韓国の国家情報院(国情院)が6月10日、創設60周年を迎え、5番目の新しい院訓(モットー)を発表するという。 朴槿恵(パク・クネ)政権時代の2016年に「無言の献身、ひたすら大韓民国の守護と栄光のために」に変えてから5年ぶりの変更だ。
1961年、国情院の前身である中央情報部が設立された時の最初のモットーは「我々は日陰で働き、日の当たる場所を指向する」だった。キム・ジョンピル初代情報部長は「情報機関の従事者は影の存在として、匿名の情熱に忠実でなければならないという決意」(『キム・ジョンピル証言録』)を表したものだと述べた。しかしその後、中央情報部の活動を見る限り、「陰湿な方法で政権のために国民を暴圧する」という印象が強くなった。
この部訓は、金大中(キム・デジュン)政府が発足し、37年目にして変わる。金大統領は1998年5月、その間に中央情報部から名前が変わった国家安全企画部を国情院に姿を変えさせ、院訓も「情報は国力だ」に変えた。金大統領は当時、国情院を訪問し、職員たちに「かつて不幸だった安企部の歴史の標本が他でもなく私だ」としたうえで、「私にしたことを二度と繰り返してはならない」と要請した。

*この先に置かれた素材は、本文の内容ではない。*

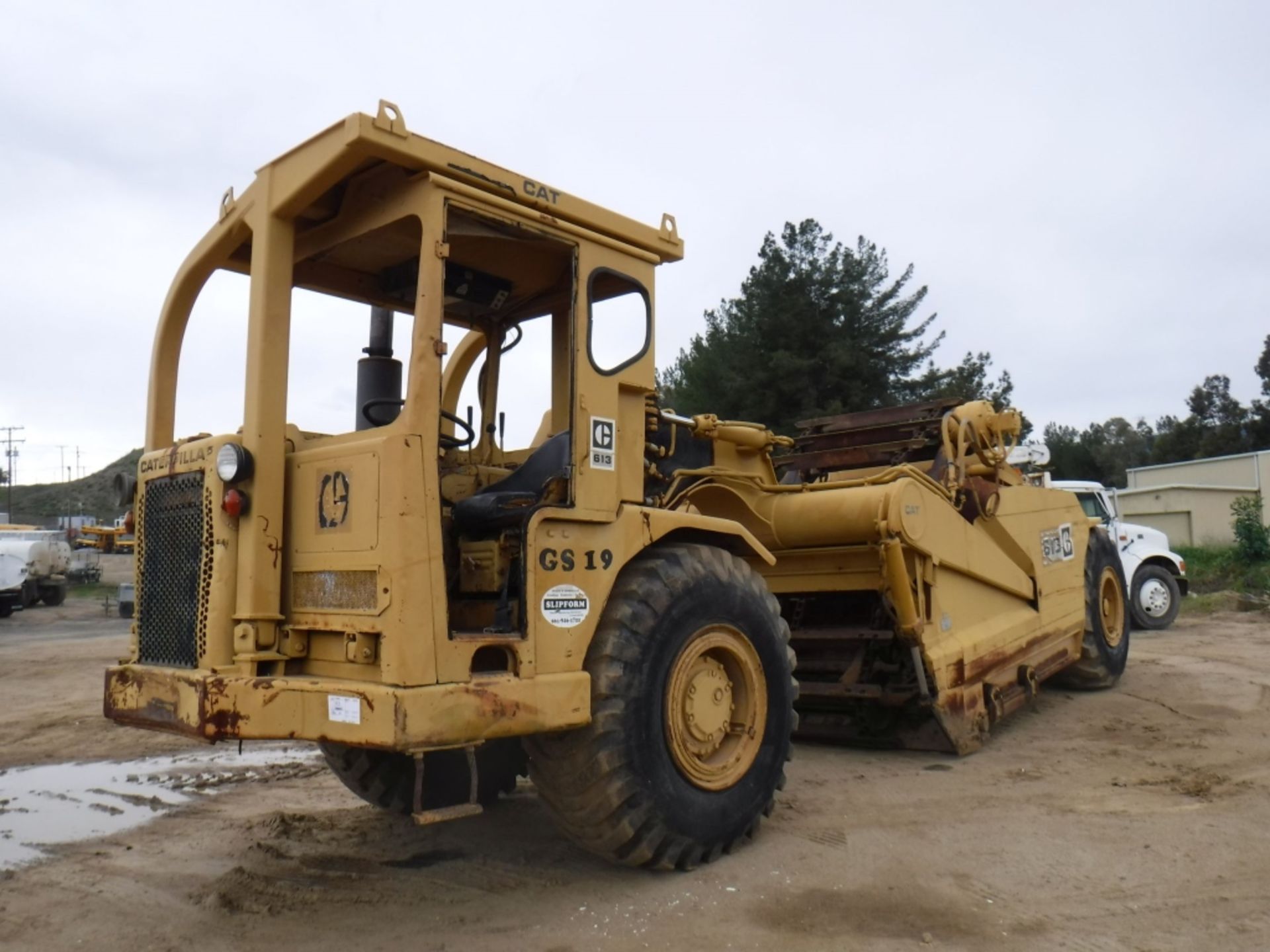 Caterpillar 613 Motor Scraper,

しかし、金大統領が院訓石に直接書いた新しい院訓は10年しか続かなかった。李明博(イ・ミョンバク)政権時代の2008年10月、「自由と真理に向けた無名の献身」が3番目の院訓になったが、これも8年後再び変更された。
国家情報機関のモットーが60年間で4回も変わるのは極めて珍しい。1947年に創設された米中央情報局(CIA)は「国家の仕事、情報の中心(The Work of a Nation. The Center of Intelligence)」という公式モットーと「そして、あなたがたは真理を知り、真理はあなたがたを自由にします」(ヨハネ福音8章32節)という非公式モットーを掲げている。 1909年に設立された英国秘密情報部(MI6)も初期から「常に秘密」をモットーにしてきた。
頻繁なモットーの変更は、韓国の情報機関が国家安保のための対外情報活動よりも、政権保衛のための国民弾圧と工作に力を入れてきた歴史と関連がある。米国(CIA、FBI)や英国(MI6、MI5)、イスラエル(モサド、シンベト)などは最初から対外情報と国内保安機関を分けて牽制させ、政治の介入を遮断した。韓国は昨年末に国情院の職務範囲から「国内情報収集」を削除し、対共(共産主義者に対する)捜査権を警察に移譲する法改正を行った。5番目の院訓は、確固たる「換骨奪胎」の意志を込め、これ以上変わることがないことを願う。